Tuesday, October 26, 2010

More on reproductive choice

Just a quick link I want to share today to Martin Robbins's blog The Lay Scientist over at The Guardian. He has a guest post written by @naomimc that describes, more elegantly than I have, the importance of reproductive choice. Entitled "Where are the women in the 'population control' debate?" her post demonstrates how the conversation around population control, particularly in circles devoted to the ecological impact of human populations, seems to be devoid of women, or at least controlled by men.
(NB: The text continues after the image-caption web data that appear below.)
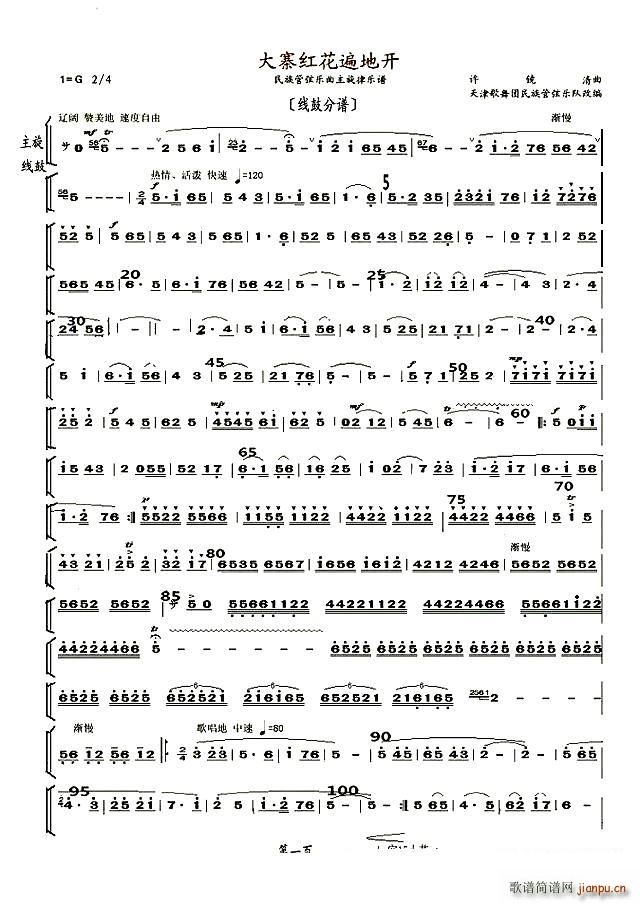 大寨红花遍地开 线鼓(十字及以上)1
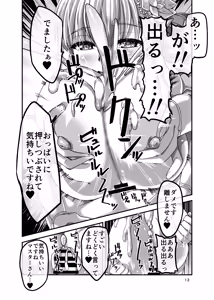 Page 13 of Kanketsu Sekai no Kama-chan - preview thumbnail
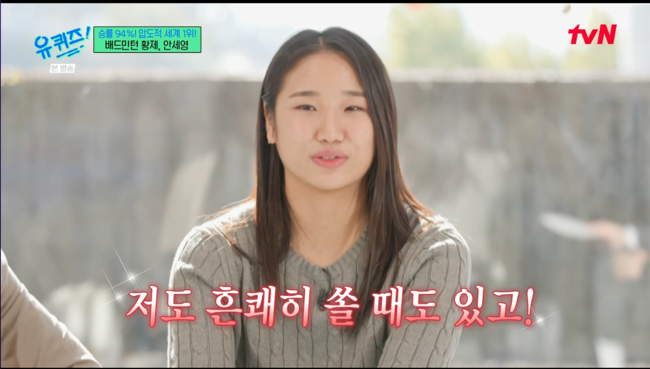 '세계 1위' <b>안세영</b>, <b>상금</b> 10억 돌파 후..."선배 밥값에 은사님 선물까지...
One of my favorite passages is here:
The green movement is often, wrongfully, accused of misanthropy. "They care more about trees than people", screech the professional oppositionists. But the obsession with population control by a minority of greens opens them up to very legitimate accusations of authoritarianism, 'classism' (i.e. it's the poor we want to stop having babies) and gender-blindness. It is a paradigm dominated by elite men which spectacularly misses the point and ignores the evidence that actually protecting sexual and reproductive rights and empowering women to control their own fertility results in lower birth rates and importantly, lower death rates.
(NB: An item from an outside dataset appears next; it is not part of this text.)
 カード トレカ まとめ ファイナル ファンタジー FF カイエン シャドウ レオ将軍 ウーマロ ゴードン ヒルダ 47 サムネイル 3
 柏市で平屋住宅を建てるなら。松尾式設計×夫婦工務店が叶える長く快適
No one who works in maternal and reproductive health talks of 'population control'. For historical and contemporary reasons it is associated with eugenics, China's one-child policy, forced sterilisation and forced abortion. These morally abhorrent examples might be dismissed as extremes but they are simply the results of a way of thinking about reproduction which is coercive and rejects individual rights as fundamental to public policy. (my emphasis)
Go read the post.

1 comment:

  1. Yay!

    I also think reproductive choice and lower birthrates go hand in hand --- I saw a study somewhere (I'd have to look it up again to remember who wrote it when and what the details were) that found that when women were able to control their reproductive destinies, they had fewer children, regardless of what type of society they lived in.

    This contradicted what I'd read earlier, about the economics of having children, where people in agrarian societies have more kids because of the free labor, while people in urban, industrial societies have fewer because kids are expensive in that context. But this article seemed to say that, under *either* set of conditions, female choice = fewer children.

    I find that amazingly uplifting; it certainly gives me hope that we can greatly reduce the number of people being born without resorting to coercive policies like China's.